Canadian home mortgage rates are very likely to hold steady at current levels – at least in the near-term. A recent speech in Windsor, Ont., by Bank of Canada Governor, Mark Carney, has “reinforced a growing belief among Bay Street traders that the odds of another rate hike this year were dwindling to nearly zero,” reports Paul Vieira, of the National Post.

Mr. Carney, according to the Post report, cautioned Canadians that they should brace for “modest” economic growth in the coming months. He acknowledged that slower than forecast growth “will be reflected in the [Bank of Canada’s] revised forecast to be released on Oct. 20, in which third-and-fourth-quarter estimates would be lowered.”

The Bank of Canada governors meet on October 19 to review its market-setting overnight lending rate, which will be followed by the release of the bank’s revised economic forecast on Oct. 20. Mr. Carney seemed to have tipped his cards in his remarks in Windsor, noting that any additional increases to interest rates in an uncertain economic would warrant “caution”.

Economists commenting on the downward revisions in the bank’s estimate of GCP and the “new dovish commentary” in Mr. Carney’s speech, “point to a central bank that is done, for now, with rate hikes,” writes Mr. Vieira.

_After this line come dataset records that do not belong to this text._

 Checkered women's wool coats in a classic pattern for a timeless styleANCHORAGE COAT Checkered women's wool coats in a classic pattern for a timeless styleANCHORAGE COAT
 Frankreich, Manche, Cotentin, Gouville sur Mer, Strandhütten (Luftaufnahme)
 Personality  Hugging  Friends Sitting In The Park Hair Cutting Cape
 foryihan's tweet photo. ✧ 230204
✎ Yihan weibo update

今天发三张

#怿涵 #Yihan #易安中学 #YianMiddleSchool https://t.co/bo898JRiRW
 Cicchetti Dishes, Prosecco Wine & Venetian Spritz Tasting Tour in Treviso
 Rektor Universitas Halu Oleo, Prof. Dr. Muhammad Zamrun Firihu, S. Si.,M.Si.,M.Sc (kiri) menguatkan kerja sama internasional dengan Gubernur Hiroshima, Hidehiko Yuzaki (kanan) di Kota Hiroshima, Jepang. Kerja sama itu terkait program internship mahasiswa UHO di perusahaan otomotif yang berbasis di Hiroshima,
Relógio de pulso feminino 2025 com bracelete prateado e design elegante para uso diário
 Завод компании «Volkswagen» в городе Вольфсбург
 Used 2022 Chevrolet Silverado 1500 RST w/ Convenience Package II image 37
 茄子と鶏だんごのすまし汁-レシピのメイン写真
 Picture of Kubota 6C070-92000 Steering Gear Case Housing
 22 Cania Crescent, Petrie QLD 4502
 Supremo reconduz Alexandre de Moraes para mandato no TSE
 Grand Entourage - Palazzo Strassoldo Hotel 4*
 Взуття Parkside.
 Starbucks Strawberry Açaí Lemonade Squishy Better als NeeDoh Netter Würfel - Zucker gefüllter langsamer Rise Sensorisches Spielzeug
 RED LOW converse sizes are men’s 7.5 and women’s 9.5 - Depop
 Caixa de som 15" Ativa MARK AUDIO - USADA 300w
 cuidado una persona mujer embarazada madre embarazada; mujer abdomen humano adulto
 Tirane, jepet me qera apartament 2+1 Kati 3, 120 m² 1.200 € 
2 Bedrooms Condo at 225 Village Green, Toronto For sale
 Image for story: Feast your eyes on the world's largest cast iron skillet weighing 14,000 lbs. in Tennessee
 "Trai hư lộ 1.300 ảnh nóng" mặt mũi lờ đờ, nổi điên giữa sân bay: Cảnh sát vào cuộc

Postponement of further Bank of Canada rate hikes is good news for what Mr. Canney described as “overstretched households.” Continuing low Canadian mortgage rates, and lower interest on home equity lines of credit, will help Canadian homeowners with their household balance sheets, as Canada’s economic recovery is slowed due to weakened U.S. demand and a sluggish U.S. economy.